Car la précarisation, c’est aussi un moyen parfait pour affaiblir les syndicats, éviter les grèves, bref, museler toute forme d’autodéfense des salariés. Comment un CDD pourrait-il se syndiquer ouvertement s’il souhaite voir son emploi reconduit ? On a ici une des causes de l’affaiblissement du syndicalisme de lutte depuis 20 ans. Se syndiquer et le rester nécessite une certaine stabilité dans une entreprise, ne serait-ce que le temps de se laisser convaincre par les militants, vivre des luttes avec eux. Lorsque l’on sait que l’on ne fait “que passer”, dur de se motiver pour monter ou renforcer une section syndicale. Quant à faire la grève sans un minimum d’espoir de garder son boulot ensuite, cela devient de l’héroïsme... Dormez, patrons, vos employés travaillent et s’écrasent : ils n’ont pas le choix. Cette vieille victoire du prolétariat qu’est le droit de grève et de syndicalisation devient, avec la précarité, une hypocrisie : pour beaucoup aujourd’hui, il n’existe plus.

Enfin, pour que les futurs travailleurs sachent tout de suite à quoi ils devront se soumettre, les stages dans le cadre scolaires se multiplient : depuis le collège jusqu’à la fac, ils deviennent la règle, avec des garanties minimum en terme de formation, d’horaires, et parfois aucune paye. BEP, CAP, apprentissage, autant de formations où le jeune apprend d’abord que dans l’entreprise, “on ferme sa gueule”. D’ailleurs, le lycée pro lui-même l’impose bien souvent aussi dans l’établissement scolaire lui-même, puisqu’il est là pour vous “préparer au monde de l’entreprise...”

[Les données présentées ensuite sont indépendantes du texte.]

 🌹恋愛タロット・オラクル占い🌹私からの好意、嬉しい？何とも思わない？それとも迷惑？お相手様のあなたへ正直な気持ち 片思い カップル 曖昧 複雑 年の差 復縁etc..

Jusqu’où iront les patrons ?

Très loin sans doute, si on les laisse faire... Après tout, les politiques voulant voir les chiffres du chômage baisser, et les emplois précaires n’étant que rarement comptabilisés dans les statistiques officielles, tout le monde a intérêt à continuer dans ce sens, mis à part les salarié/es eux et elles-mêmes (c’est à dire l’immense majorité...).

Se pencher sur les pays qu’on nous présente comme modèles du presque-plein-emploi est tout à fait éclairant, et effrayant. Que ce soit aux États-Unis ou en Grande-Bretagne, libérer les patrons de toute contrainte en terme de salaires, d’horaires, durée d’emploi et de licenciement, cela signifie précarité et pauvreté. On peut aujourd’hui dans ces pays être “extrêmement pauvre” (selon les critères officiels) et pourtant travailler régulièrement avec différents emplois instables, plus ou moins partiels. C’est peut-être cela, le plein emploi promis par Jospin.